Some of the most difficult to detect bugs are not in the code, but in the design…

some of the more subtle, dangerous bugs turn out to be errors in design; the code faithfully implements the intended design, but the design fails to correctly handle a particular ‘rare’ scenario.

Finding a precise design language

In order to find subtle bugs in a system design, it is necessary to have a precise description of that design. There are at least two major benefits to writing a precise design; the author is forced to think more clearly, which helps eliminate ‘plausible hand-waving’, and tools can be applied to check for errors in the design, even while it is being written.

AWS needed a precise design language, but also a pragmatic one:

As our designs are unavoidably complex, we needed a highly expressive language, far above the level of code, but with precise semantics. That expressivity must cover real-world concurrency and fault-tolerance. And, as we wish to build services quickly, we wanted a language that is simple to learn and apply, avoiding esoteric concepts. We also very much wanted an existing ecosystem of tools.

They ‘found what we were looking for in TLA+, a formal specification language.’

Benefits

TLA+ helped AWS find subtle bugs in S3, DynamoDB, EBS, and an internal distributed lock manager, as well as verifying several optimizations. The effects go deeper than just finding bugs though.

TLA+ has been helping us shift to a better way of designing systems.

The process begins by stating clearly ‘what needs to go right?’ by defining correctness properties. Safety properties define what the system is allowed to do, and liveness properties define what the system must eventually do.

The benefits are not just in the initial system design, but over the lifetime of the system.

We have found that writing a formal specification pays several dividends over the lifetime of the system. All production services at Amazon are under constant development, even those released years ago; we add new features that customers have requested, we re-design components to handle massive increases in scale, and we improve performance by removing bottlenecks. Many of these changes are complex, and they must be made to the running system with no downtime. Our first priority is always to avoid causing bugs in a production system, so we often need to answer the question, “is this change safe?” We have found that a major benefit of having a precise, testable model of the core system is that we can rapidly verify that even deep changes are safe, or learn that they are unsafe without doing any harm. In several cases we have prevented subtle, serious bugs from reaching production. In other cases we have been able to make innovative performance optimizations – e.g. removing or narrowing locks, or weakening constraints on message ordering – which we would not have dared to do without having model checked those changes.

Spreading the word

Success breeds success, but it’s best not to scare people off too early:

…we have found that software engineers more readily grasp the concept and practical value of TLA+ if we dub it: exhaustively testable pseudo-code. We initially avoid the words ‘formal’, ‘verification’, and ‘proof’, due to the widespread view that formal methods are impractical.

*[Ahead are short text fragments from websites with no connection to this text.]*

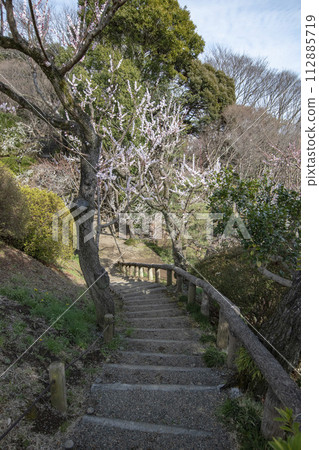 Many plum blossoms in full bloom in spring 112885719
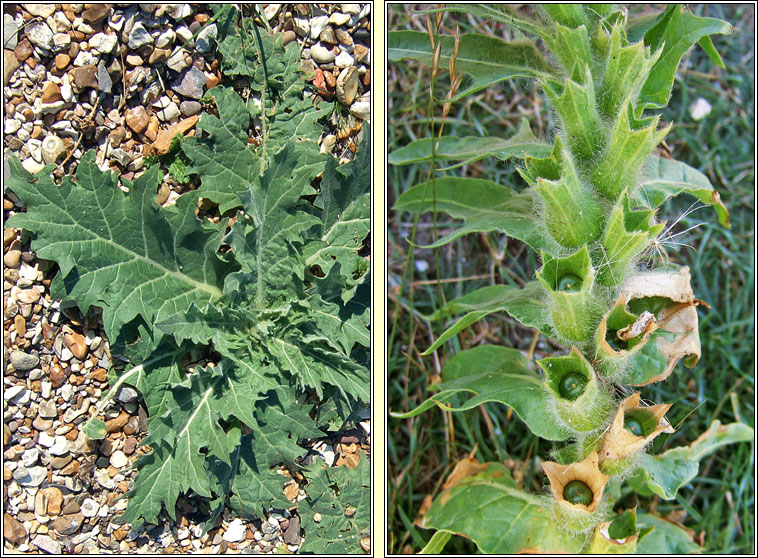 Henbane, Hyoscyamus niger, Gafann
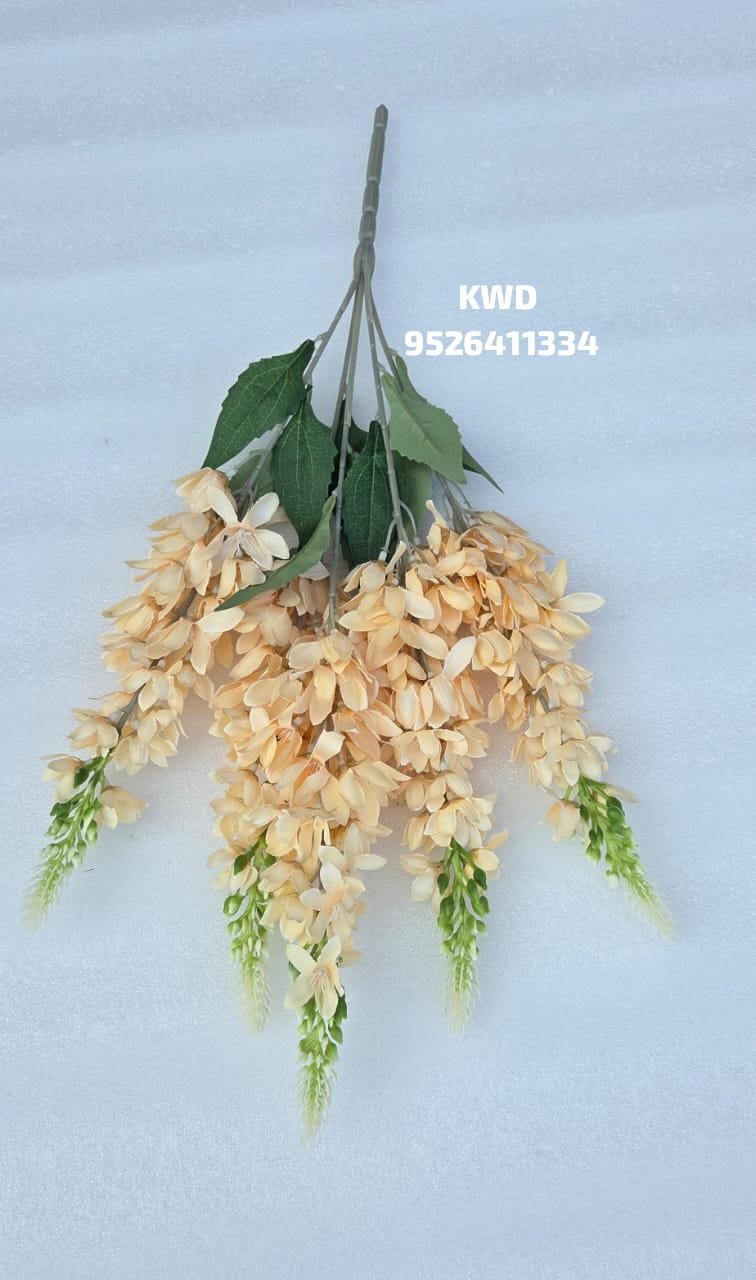 whatsapp image 2026 03 16 at 3.41.27 pm (1)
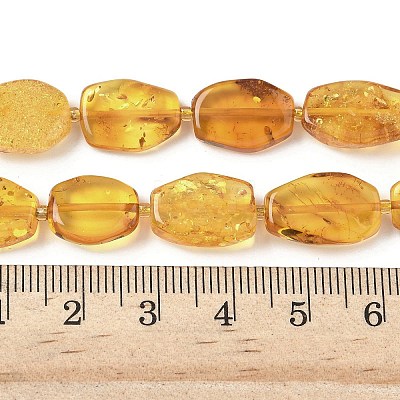 Natural Amber Beads Strands G-L095-C01-05-1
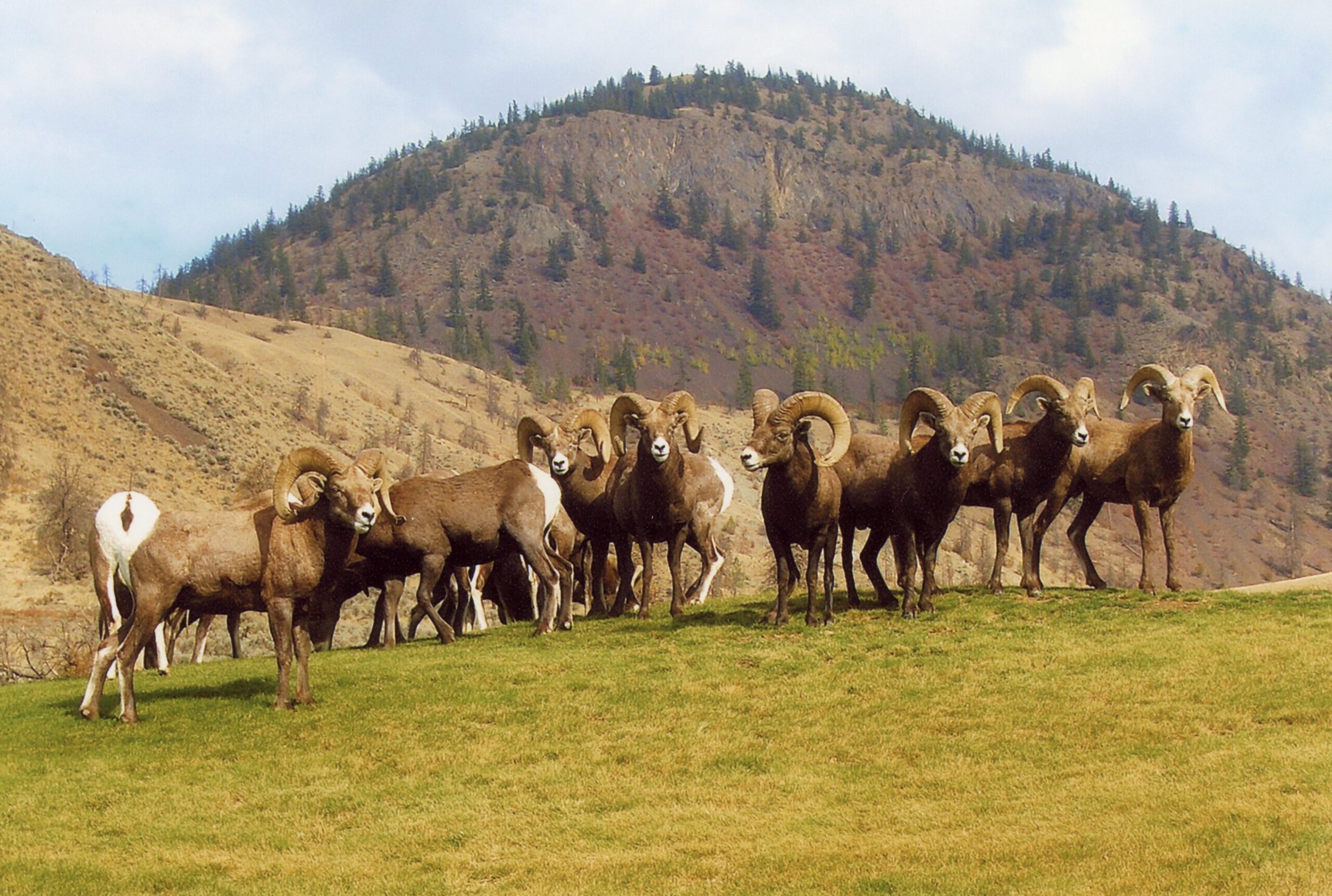 Herd of bighorn sheep on fairway at Bighorn Golf Kamloops with mountain hillside backdrop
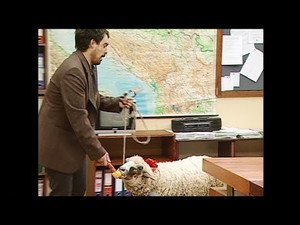 Still from 452 Džemperi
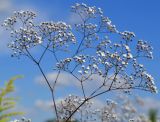 Gypsophila paniculata. Часть соцветия. Тульская обл., Плавский р-н, окр. пос. Молочные Дворы, луг. 24.07.2022.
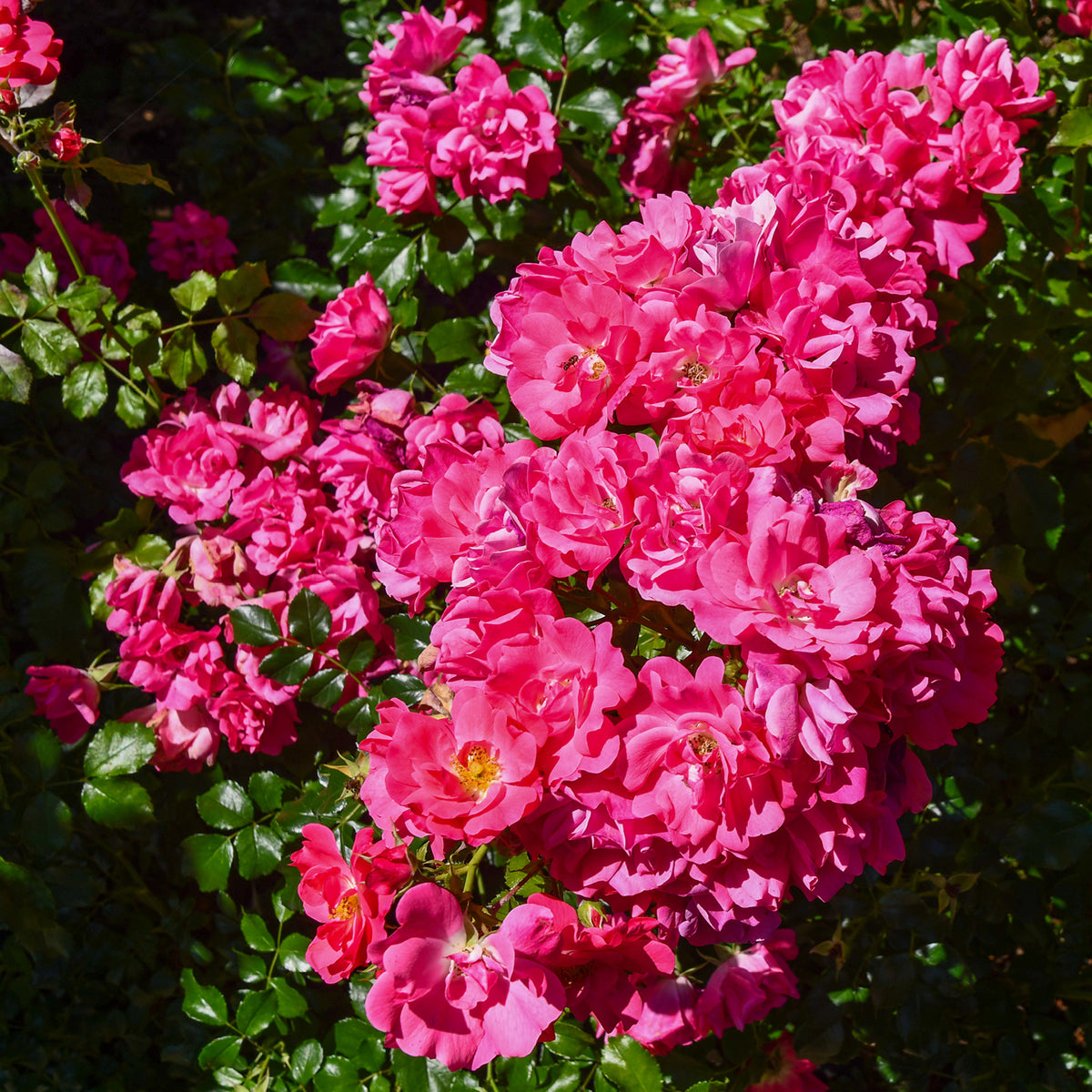 Blühende Bodendeckerrose 'Heidetraum'®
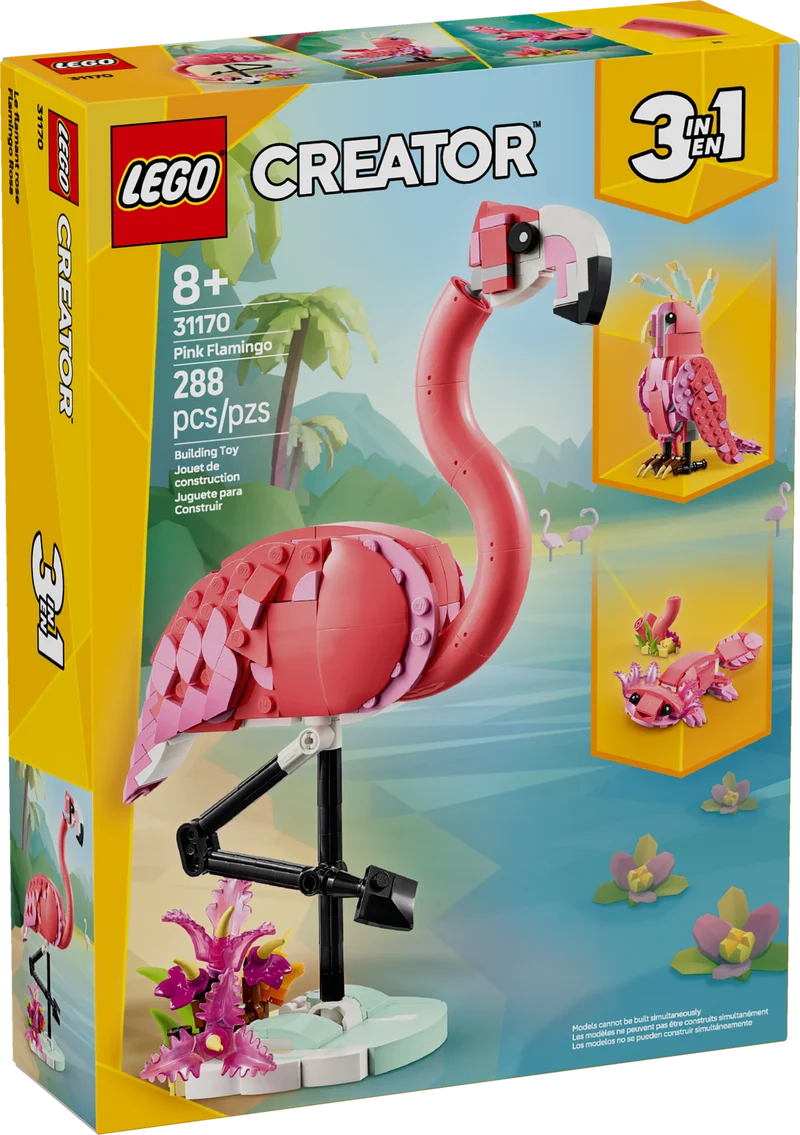 Les animaux sauvages : Le flamant rose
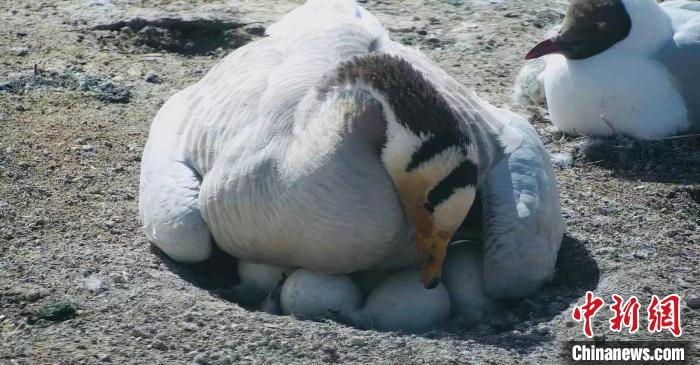 圖為斑頭雁孵蛋?！【G色江河 供圖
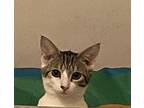 Jiggles Wigglebutt Jones Domestic Shorthair Kitten Female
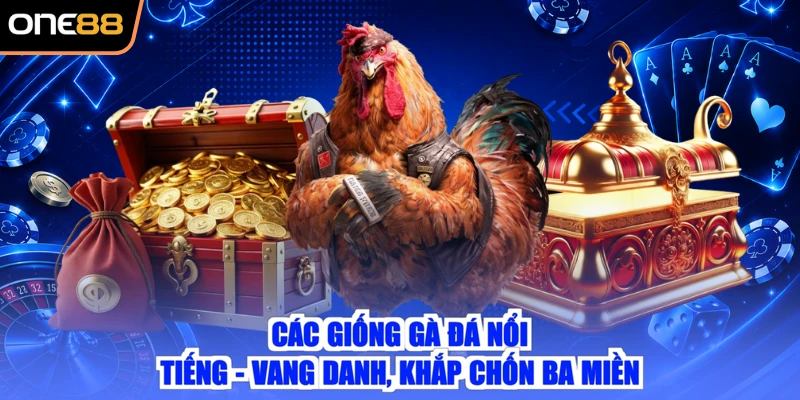 Các Giống Gà Đá Nổi Tiếng - Vang Danh, Khắp Chốn Ba Miền
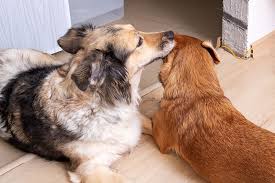 why does your dog lick another dog s ears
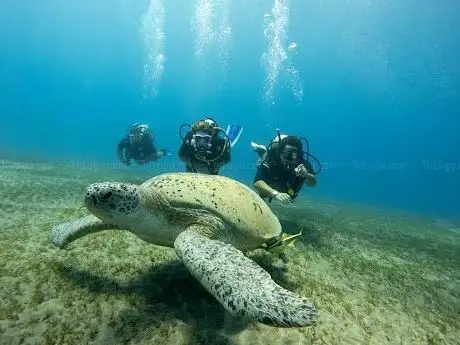 Photo de Dive club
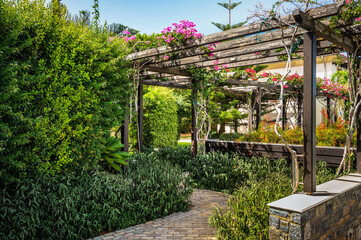Lush Mediterranean garden featuring vibrant green foliage and a charming wooden pergola. Scene is...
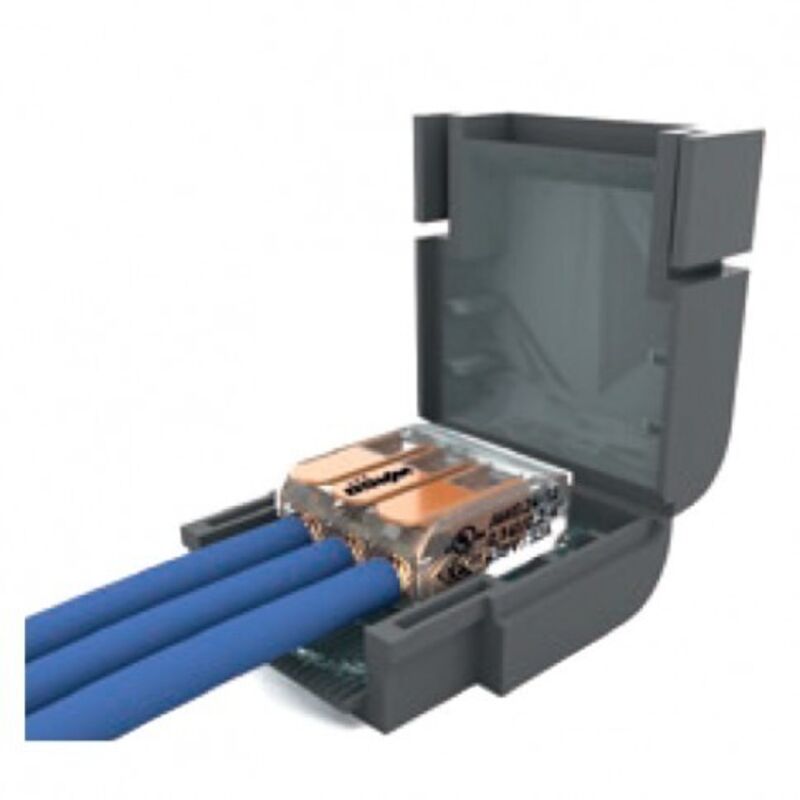 foto del prodotto etelec - dispositivo di connessione shellboxflat113 cf 2 pz mini box m mjbf113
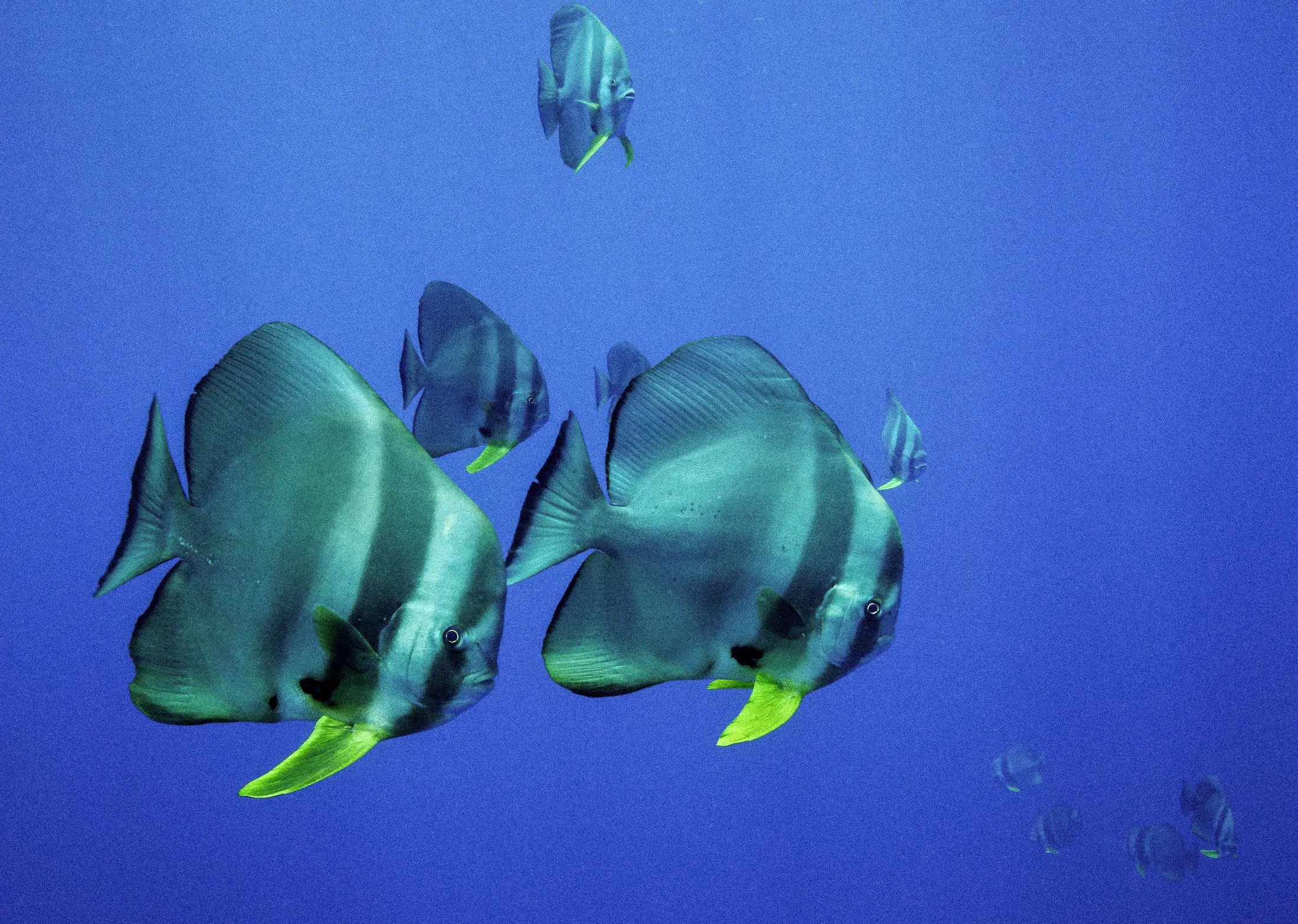 Batfish in open blue water.
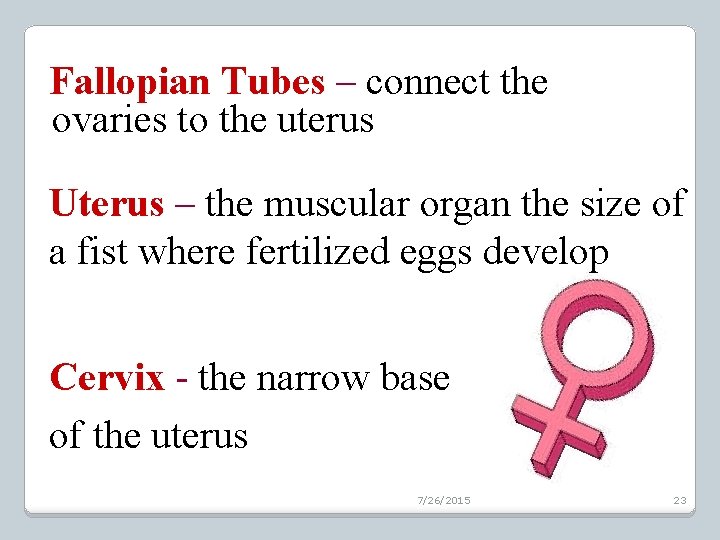 Fallopian Tubes – connect the ovaries to the uterus Uterus – the muscular organ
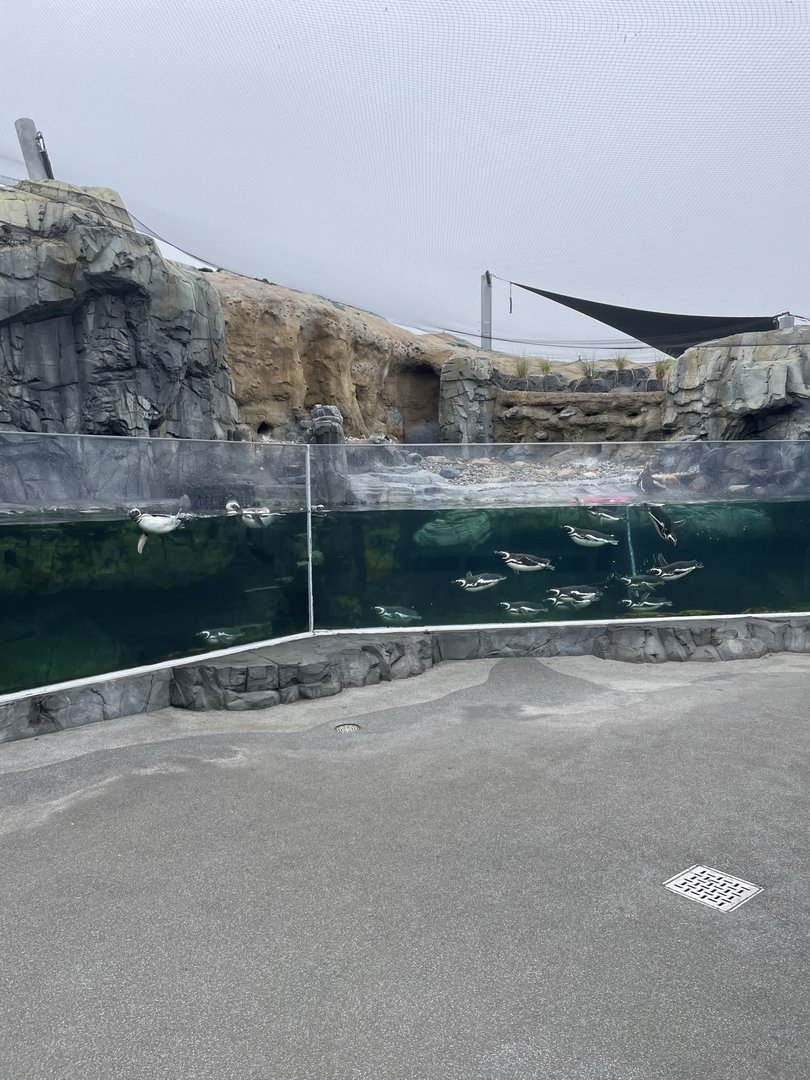 Magellanic Penguin Exhibit (slightly redone)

Formal methods seem to be becoming an important part of the AWS processes:

At AWS, formal methods have been a big success. They have helped us prevent subtle, serious bugs from reaching production, bugs that we would not have found via any other technique. They have helped us to make aggressive optimizations to complex algorithms without sacrificing quality. So far, seven teams have used TLA+, and all have found high value in doing so. At the time of writing, more teams are starting to use TLA+. We believe that use of TLA+ will accelerate both time-to-market and quality of these projects. Executive management is now proactively encouraging teams to write TLA+ specs for new features and other significant design changes. In annual planning, managers are now allocating engineering time to use TLA+.

Summary

It’s great to see the value of formal methods being recognised once more. This paper is also a good insight into the distributed systems design methodology at AWS. It adds another dimension to AWS’s challenge to the rest of the industry: keep up if you can!